This year I will read all of the books in the Chronicles of Narnia series– five of them, and will complete a goal on my 2014 Manifesto. So curl up with a cup of hot coffee, your fuzzy socks, and a blazing fire, and let’s get reading.
Narnia… where you must say good-bye… and where the adventure begins again. The Unicorn says that humans are brought to Narnia when Narnia is stirred and upset. And Narnia is in trouble now: A false Aslan roams the land. Narnia’s only hope is that Eustace and Jill, old friends to Narnia, will be able to find the true Aslan and restore peace to the land. Their task is a difficult one because, as the Centaur says, “The stars never lie, but Men and Beasts do.” Who is the real Aslan and who is the impostor?
That’s only the beginning. As the aptly named title suggests, this last book in The Chronicles of Narnia series is the end of the old Narnia- and the beginning of the new Narnia. In the beginning of the book, the ape named Shift persuades his gullible ‘friend’ the donkey named Puzzle into dressing up as Aslan and pretending to be him. In this masquerade he is able to gather a large following and to enslave many of the Narnians. They are destroying Narnia and the last King of Narnia, King Tirian and his friend the unicorn Jewel try to stop them. Events lead to Eustace and Jill being called back from England- and we get a glimpse of Peter, Edmund, Lucy and even Digory and Polly. Edmund and Jill help King Tirian in his quest to expose the plot against the real Aslan which culminates in the last battle.
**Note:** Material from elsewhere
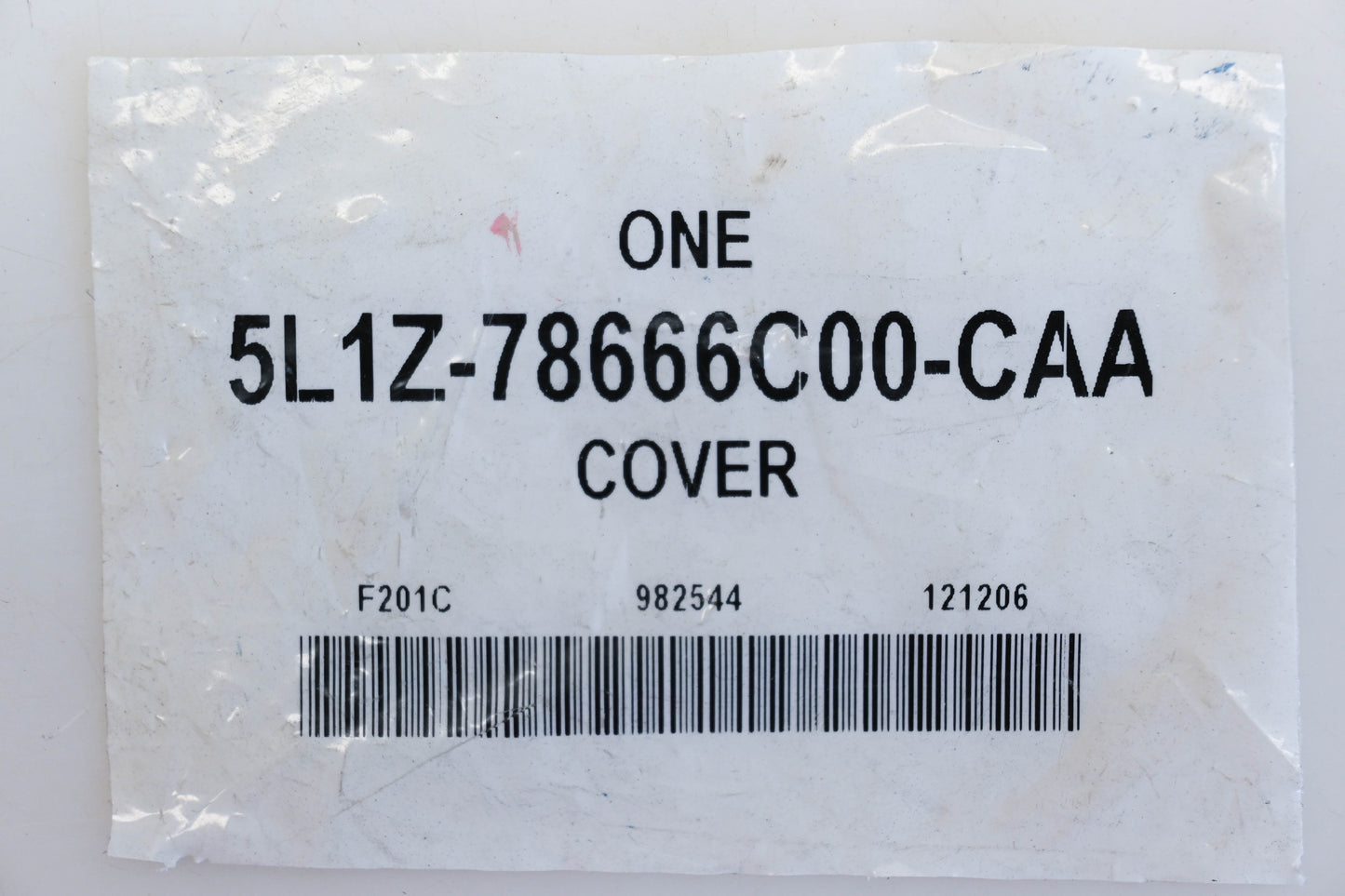 New OEM Ford 5L1Z-78666C00-CAA, 5L14-78666C00-C 05-06 Ford Expedition Cover NOS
This book mirrors the story of Revelation in the Bible. We see the climactic ending of the Antichrist’s (the ape’s) reign of terror and Jesus’ (Aslan’s) triumphant return to establish His worldwide kingdom. The main characters mentioned above get to see old friends in the new Narnia, and will live there with Aslan for eternity. Perhaps the most powerful of lines comes at the very end of the book: “And for us this is the end of all the stories, and we can most truly say that they all lived happily ever after. But for them it was only the beginning of the real story. All their life in this world and all their adventures in Narnia had only been the cover and the title page: now at last they were beginning Chapter One of the Great Story which no one on earth has read: which goes on forever: in which every chapter is better than the one before.”
‘The Narnia series has a timeless quality, due in no small measure to C.S. Lewis’ unstinting willingness to use his stories as vehicles for Christian theology. Their power to uplift as well as to entertain, unrivaled in children’s literature, make them genuinely worthy of inclusion in the home library of any Christian.’ I have genuinely enjoyed reading each of these books. I recommend every one of them- read in order of course. 😉 I’m very thankful that C.S. Lewis has other bodies of work that I can now read!